Extracted information:
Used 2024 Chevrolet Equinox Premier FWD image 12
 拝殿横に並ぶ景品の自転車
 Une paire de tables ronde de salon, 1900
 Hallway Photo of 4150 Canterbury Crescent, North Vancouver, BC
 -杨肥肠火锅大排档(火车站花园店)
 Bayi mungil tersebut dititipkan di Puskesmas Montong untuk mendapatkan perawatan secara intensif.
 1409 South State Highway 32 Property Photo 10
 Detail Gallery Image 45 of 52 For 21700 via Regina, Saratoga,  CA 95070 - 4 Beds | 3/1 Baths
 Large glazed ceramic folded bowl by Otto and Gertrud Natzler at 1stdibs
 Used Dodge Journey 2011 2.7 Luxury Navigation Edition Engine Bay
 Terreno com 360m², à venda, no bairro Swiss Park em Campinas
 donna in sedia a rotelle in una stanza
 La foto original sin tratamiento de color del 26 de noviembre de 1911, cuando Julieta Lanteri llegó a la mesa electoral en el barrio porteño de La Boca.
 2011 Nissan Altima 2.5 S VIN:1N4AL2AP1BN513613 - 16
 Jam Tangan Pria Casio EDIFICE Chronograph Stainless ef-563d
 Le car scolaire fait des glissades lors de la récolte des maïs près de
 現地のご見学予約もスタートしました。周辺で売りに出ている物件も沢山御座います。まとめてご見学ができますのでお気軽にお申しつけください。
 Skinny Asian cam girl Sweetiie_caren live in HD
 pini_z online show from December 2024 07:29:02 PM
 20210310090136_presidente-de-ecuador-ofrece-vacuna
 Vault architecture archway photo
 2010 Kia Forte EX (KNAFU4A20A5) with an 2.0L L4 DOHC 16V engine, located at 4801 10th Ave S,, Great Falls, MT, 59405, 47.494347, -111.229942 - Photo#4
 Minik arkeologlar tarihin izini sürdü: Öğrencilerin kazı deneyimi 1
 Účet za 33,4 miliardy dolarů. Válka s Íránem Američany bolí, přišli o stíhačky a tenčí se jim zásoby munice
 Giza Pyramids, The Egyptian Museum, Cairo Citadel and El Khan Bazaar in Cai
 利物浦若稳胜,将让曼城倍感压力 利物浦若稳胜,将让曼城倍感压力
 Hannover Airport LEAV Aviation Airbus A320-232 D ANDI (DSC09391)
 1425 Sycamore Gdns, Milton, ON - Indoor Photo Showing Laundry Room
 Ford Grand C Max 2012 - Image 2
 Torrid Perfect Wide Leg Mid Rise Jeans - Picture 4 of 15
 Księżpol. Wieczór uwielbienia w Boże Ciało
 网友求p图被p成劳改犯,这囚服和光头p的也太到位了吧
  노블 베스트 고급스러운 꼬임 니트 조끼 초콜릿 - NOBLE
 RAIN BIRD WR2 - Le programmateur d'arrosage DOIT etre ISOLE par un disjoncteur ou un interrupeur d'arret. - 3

Problem: Every one of the records is to be copied word for word.

Output of the exercise:
Used 2024 Chevrolet Equinox Premier FWD image 12
 拝殿横に並ぶ景品の自転車
 Une paire de tables ronde de salon, 1900
 Hallway Photo of 4150 Canterbury Crescent, North Vancouver, BC
 -杨肥肠火锅大排档(火车站花园店)
 Bayi mungil tersebut dititipkan di Puskesmas Montong untuk mendapatkan perawatan secara intensif.
 1409 South State Highway 32 Property Photo 10
 Detail Gallery Image 45 of 52 For 21700 via Regina, Saratoga,  CA 95070 - 4 Beds | 3/1 Baths
 Large glazed ceramic folded bowl by Otto and Gertrud Natzler at 1stdibs
 Used Dodge Journey 2011 2.7 Luxury Navigation Edition Engine Bay
 Terreno com 360m², à venda, no bairro Swiss Park em Campinas
 donna in sedia a rotelle in una stanza
 La foto original sin tratamiento de color del 26 de noviembre de 1911, cuando Julieta Lanteri llegó a la mesa electoral en el barrio porteño de La Boca.
 2011 Nissan Altima 2.5 S VIN:1N4AL2AP1BN513613 - 16
 Jam Tangan Pria Casio EDIFICE Chronograph Stainless ef-563d
 Le car scolaire fait des glissades lors de la récolte des maïs près de
 現地のご見学予約もスタートしました。周辺で売りに出ている物件も沢山御座います。まとめてご見学ができますのでお気軽にお申しつけください。
 Skinny Asian cam girl Sweetiie_caren live in HD
 pini_z online show from December 2024 07:29:02 PM
 20210310090136_presidente-de-ecuador-ofrece-vacuna
 Vault architecture archway photo
 2010 Kia Forte EX (KNAFU4A20A5) with an 2.0L L4 DOHC 16V engine, located at 4801 10th Ave S,, Great Falls, MT, 59405, 47.494347, -111.229942 - Photo#4
 Minik arkeologlar tarihin izini sürdü: Öğrencilerin kazı deneyimi 1
 Účet za 33,4 miliardy dolarů. Válka s Íránem Američany bolí, přišli o stíhačky a tenčí se jim zásoby munice
 Giza Pyramids, The Egyptian Museum, Cairo Citadel and El Khan Bazaar in Cai
 利物浦若稳胜,将让曼城倍感压力 利物浦若稳胜,将让曼城倍感压力
 Hannover Airport LEAV Aviation Airbus A320-232 D ANDI (DSC09391)
 1425 Sycamore Gdns, Milton, ON - Indoor Photo Showing Laundry Room
 Ford Grand C Max 2012 - Image 2
 Torrid Perfect Wide Leg Mid Rise Jeans - Picture 4 of 15
 Księżpol. Wieczór uwielbienia w Boże Ciało
 网友求p图被p成劳改犯,这囚服和光头p的也太到位了吧
  노블 베스트 고급스러운 꼬임 니트 조끼 초콜릿 - NOBLE
 RAIN BIRD WR2 - Le programmateur d'arrosage DOIT etre ISOLE par un disjoncteur ou un interrupeur d'arret. - 3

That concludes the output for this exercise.